Task statement: Would you please write out each of the entries below exactly, omitting pictures?

Materials provided:
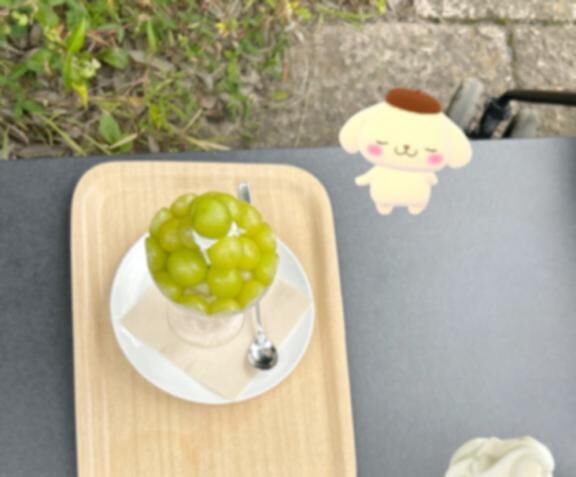 &#127816;たのしみっ&#127816;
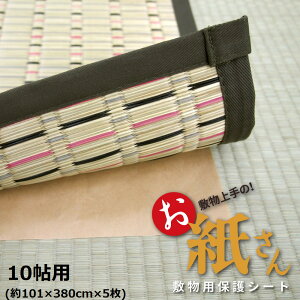 ~̉ɁI̕یV[g 10 10p ~̉ɕ~Ń_j̔ELYEh~یV[g t[Jbguv  990300585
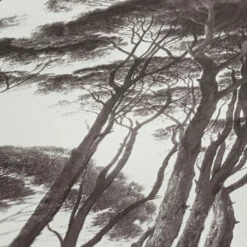 Tapete Vlies Bäume Strukturiert Weiß Braun 37651-1 12 Tapete Vlies Bäume Strukturiert Weiß Braun 37651-1 -Orex Verkäufe Tapete Vlies Baeume weiss braun 37651 1 63205686 5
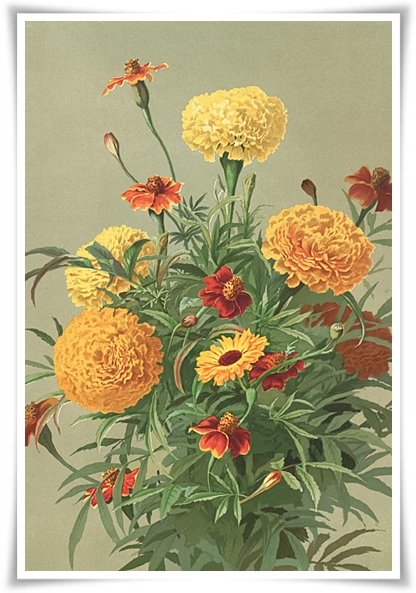 화초 "메리골드(금잔화)" 가을 정원에 황금빛 행복을 심어 보세요!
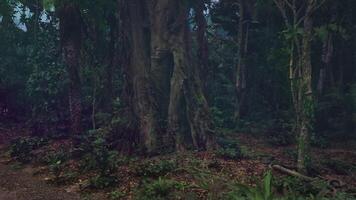 CGI Dense tropical forest showcasing towering trees and rich vegetation video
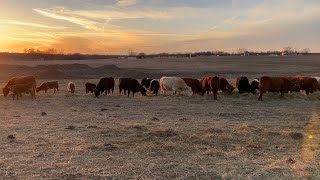 Unrolling Hay Bales VS Hay Ring Feeders For Cattle [upl. by Culberson]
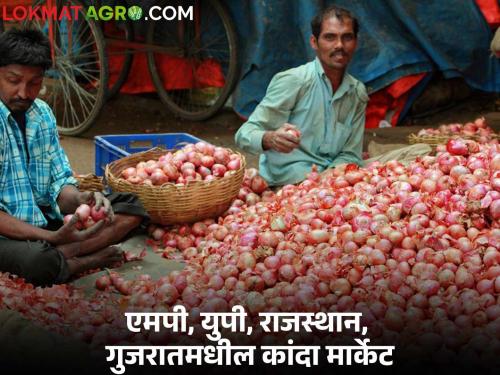 Latest news Kanda Market see onion prices in Madhya Pradesh, Uttar Pradesh, Gujarat, Rajasthan | Kanda Market : मध्यप्रदेश, उत्तरप्रदेश, गुजरात, राजस्थानात कांद्याला काय भाव मिळतोय? 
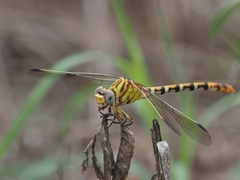 Erpetogomphus designatus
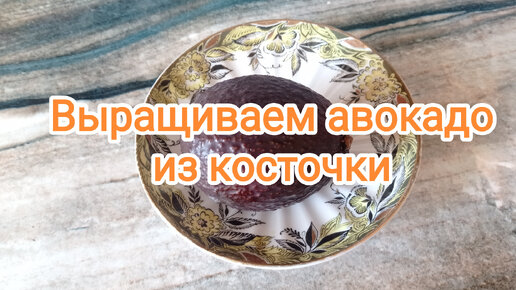 🥑Выращиваем авокадо из косточки🥑Авокадо Хасс🥑Авокадо на подоконнике🥑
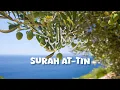 Lagu SURAH AT-TIN • SYAIKH ALAA AQEL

Expected answer:
 &#127816;たのしみっ&#127816;
 ~̉ɁI̕یV[g 10 10p ~̉ɕ~Ń_j̔ELYEh~یV[g t[Jbguv  990300585
 Tapete Vlies Bäume Strukturiert Weiß Braun 37651-1 12 Tapete Vlies Bäume Strukturiert Weiß Braun 37651-1 -Orex Verkäufe Tapete Vlies Baeume weiss braun 37651 1 63205686 5
 화초 "메리골드(금잔화)" 가을 정원에 황금빛 행복을 심어 보세요!
 CGI Dense tropical forest showcasing towering trees and rich vegetation video
 Unrolling Hay Bales VS Hay Ring Feeders For Cattle [upl. by Culberson]
 Latest news Kanda Market see onion prices in Madhya Pradesh, Uttar Pradesh, Gujarat, Rajasthan | Kanda Market : मध्यप्रदेश, उत्तरप्रदेश, गुजरात, राजस्थानात कांद्याला काय भाव मिळतोय? 
 Erpetogomphus designatus
 🥑Выращиваем авокадо из косточки🥑Авокадо Хасс🥑Авокадо на подоконнике🥑
 Lagu SURAH AT-TIN • SYAIKH ALAA AQEL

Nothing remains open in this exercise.